Degrees of volition in active languages (was Re:Chevraqis: a sketch)
|From:||Thomas R. Wier <artabanos@...>|
|Date:||Sunday, August 13, 2000, 19:41|
"H. S. Teoh" wrote:
> On Sun, Aug 13, 2000 at 12:56:12PM +0200, Mangiat wrote:
> > BTW, I, too, think Greek 'So:krate:s' is ungrammatical. I have never found a
> > Greek proper name without the article. Well, I think Greek uses a lot
> > articles. Indeed I've never studied all its declension patterns, you can
> > work well even if you remember the declension of 'ho, he, tò'.
> Yeah, actually, now I recall my Greek professor emphatically saying in
> class, "Use the article with proper names!". Some manuscripts, he said,
> may omit the article, but as a rule, *we* were never supposed to omit the
No, it really isn't. Here're a couple examples from different authors of
Attic Greek in different works:
(a) '... ho:s emoikheuen Eratosthene:s te:n gunaika eme:n...'
'... that Eratosthenes committed adultery with *my* wife..."
(Lysias, Oration I, Steph. 91.4)
(b) 'epeide: de Simo:n me eis toiaute:n anangke:n kateste:sen....'
'But since Simon has placed me in such a necessity..."
(Lysias, Oration III, Steph. 96.3)
(c) 'IO:N: ou ma ton Dia, ou panu, o: So:krates, ho:s ge talethes eire:sthai'
'ION: Like, ommigod, no way, Socrates, to tell the truth' (okay, I had
fun with that one) (Plato, Ion, 535b)
(d) 'Nomothetai d' egenonto Zaleukos te Lokrois Epizephuriois...'
'Laws were given by Zaleukos to the Epizephyrian Locrians...'
(Aristotle, Politics, II.IX.5)
These pages were chosen more or less at random.
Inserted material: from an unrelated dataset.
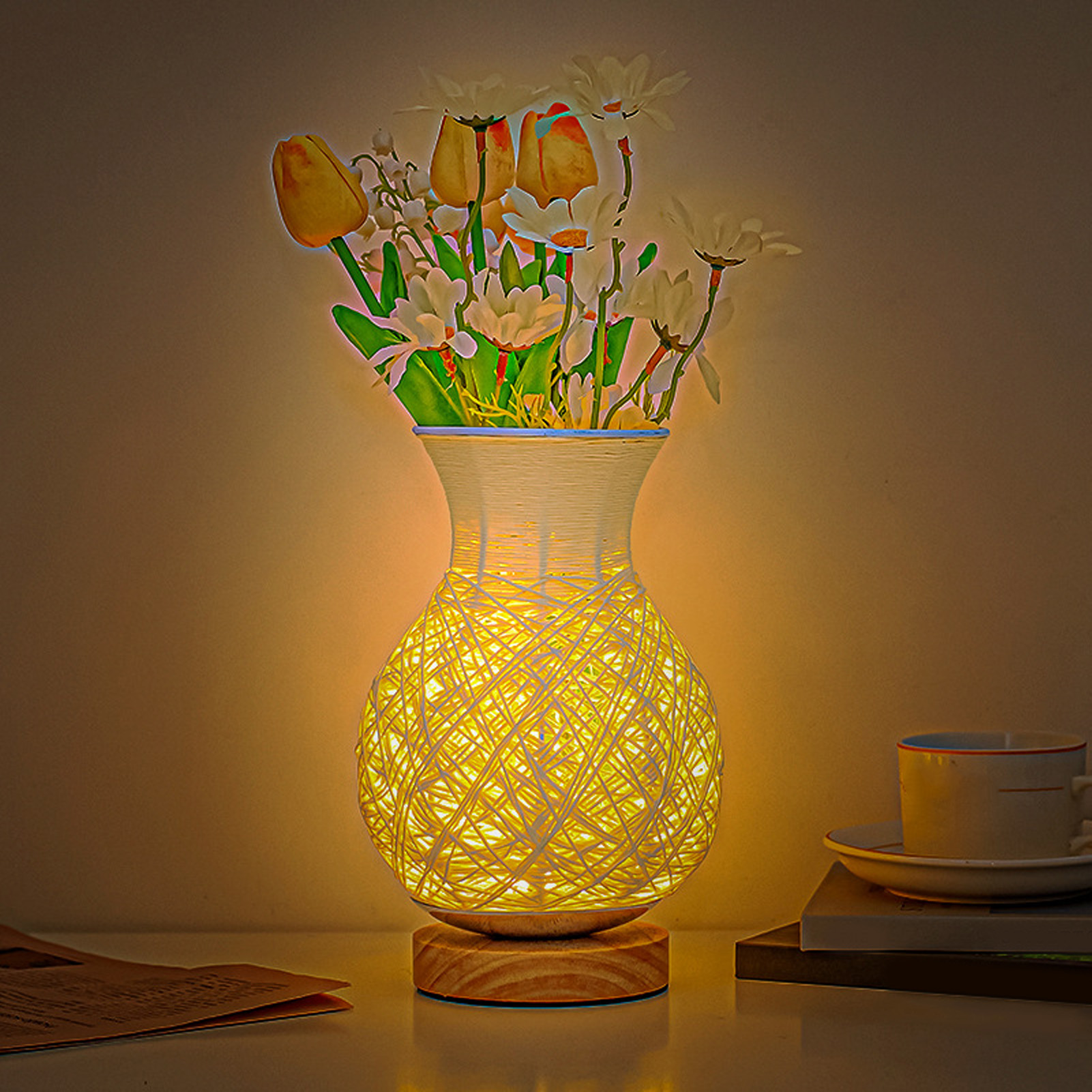 Kreative Nachttischlampe In Form Einer Vase, Verziert Mit Einem Geflochtenen Rattanmuster Und Einer Led-lampe, Die Eine Vase Mit Trockenblumen Nachahmt.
It seems fairly clear that
an article was not required for proper names. In certain cases, with famous
people, an article *could* be used -- hence 'ho So:krate:s', 'ho Home:ros'
> As for the Greek article... it's actually quite an awesome thing. It's
> much more flexible than, for example, the English article, especially when
> used as a pseudo-pronoun (which, IIRC, is where it developed from).
No, it had been fully a demonstrative pronoun. Nothing pseudo- about it.
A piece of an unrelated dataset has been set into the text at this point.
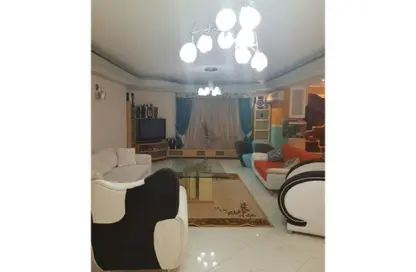 Apartment - 3 Bedrooms - 3 Bathrooms for rent in Mohamed Korayem St. - 6th Zone - Nasr City - Cairo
> To say something like "the woman who had been taught", you can simply use the
> feminine article with a participle: "he: pepaideumene:". (Literally, "the
> one (feminine) having been taught (perfect ptcple).) Makes for nice,
> compact sentences! :-)
Indeed, this is an aspect of Greek I have long found quite beautiful...
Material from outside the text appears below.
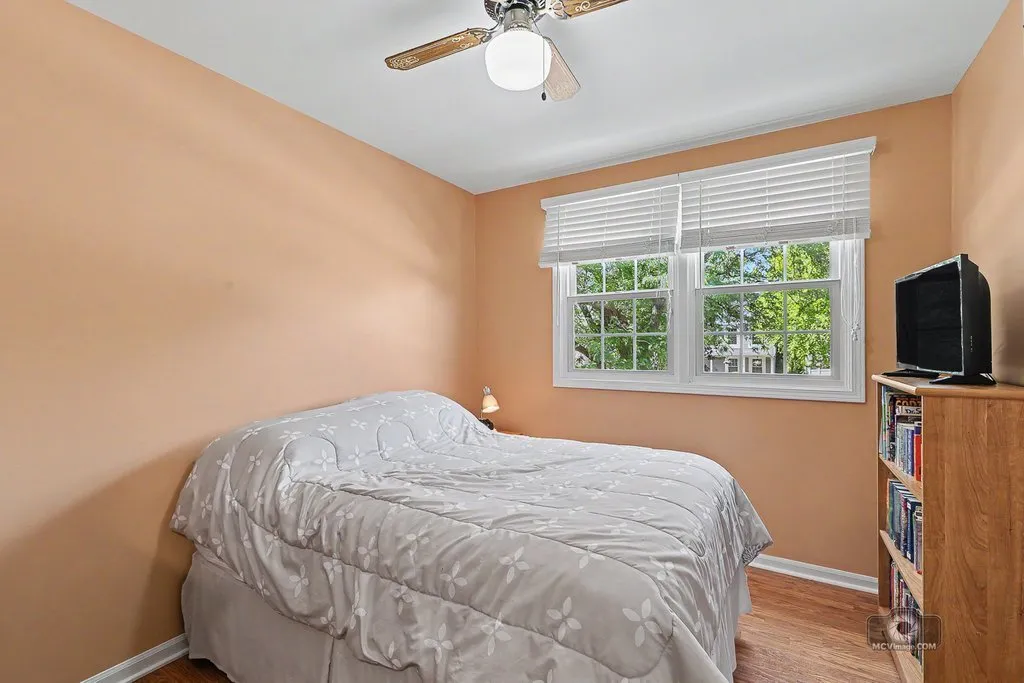 392 Basswood Court Carol Stream IL 60188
> I'd love to know what different ways people have
> come up with when creating a derived conlang.
Mark Rosenfelder has done a lot of work on the languages related to
his Verdurian. If you're interested to see how he did it, go to
and go to the section about Virtual Verduria.
> The conlang I'm working on now is intended to be an old ancestral
> language, mainly for old manuscripts, etc.; I'm just wondering what other
> ways (besides sound change and slight grammatical alterations) people have
> come up with for deriving new conlangs from ancestral ones.
Well, my active project, Phaleran, derives from Tlaspi, a trader language.
I've only really worked on the phonological shifts: Tlaspi's three phoneme
inventory of /i u a/ doubles by acquiring phonemic length, which is a shift
common to all Tlaspian languages; Phaleran innovates further, by developing
allophonic [e] and [o], and then further makes these phonemic, later. It
also absorbs a whole raft of glottalic consonants from C'ali [ts'ali], a Non-
Tlaspian language that rose to preeminence at one point.
> On a related note, I find it interesting that most of the time, languages
> tend to simplify themselves rather than develop new structures,
> My theory is that widespread acceptance of a language usually causes it to
> "degrade" or "simplify", losing a lot of old constructs in the process.
> But I've yet to come up with a plausible explanation for languages
> becoming *more* complex as they evolve.
Not really. If all languages simplified, that would beg the question: "How
complicated would the original ancestor language have to be?" After at
least 100k years of language, the ancestor would have to be virtually
infinitely complex to allow the kinds of complexity that we see in today's
Moreover, in languages with extremely long written records, like Egyptian,
you can actually *see* the language cycling through predominantly fusional,
then isolating and then agglutinating, where the complexity of the language
shifts from syntax to morphology and back again.
Tom Wier | "Cogito ergo sum, sed credo ergo ero."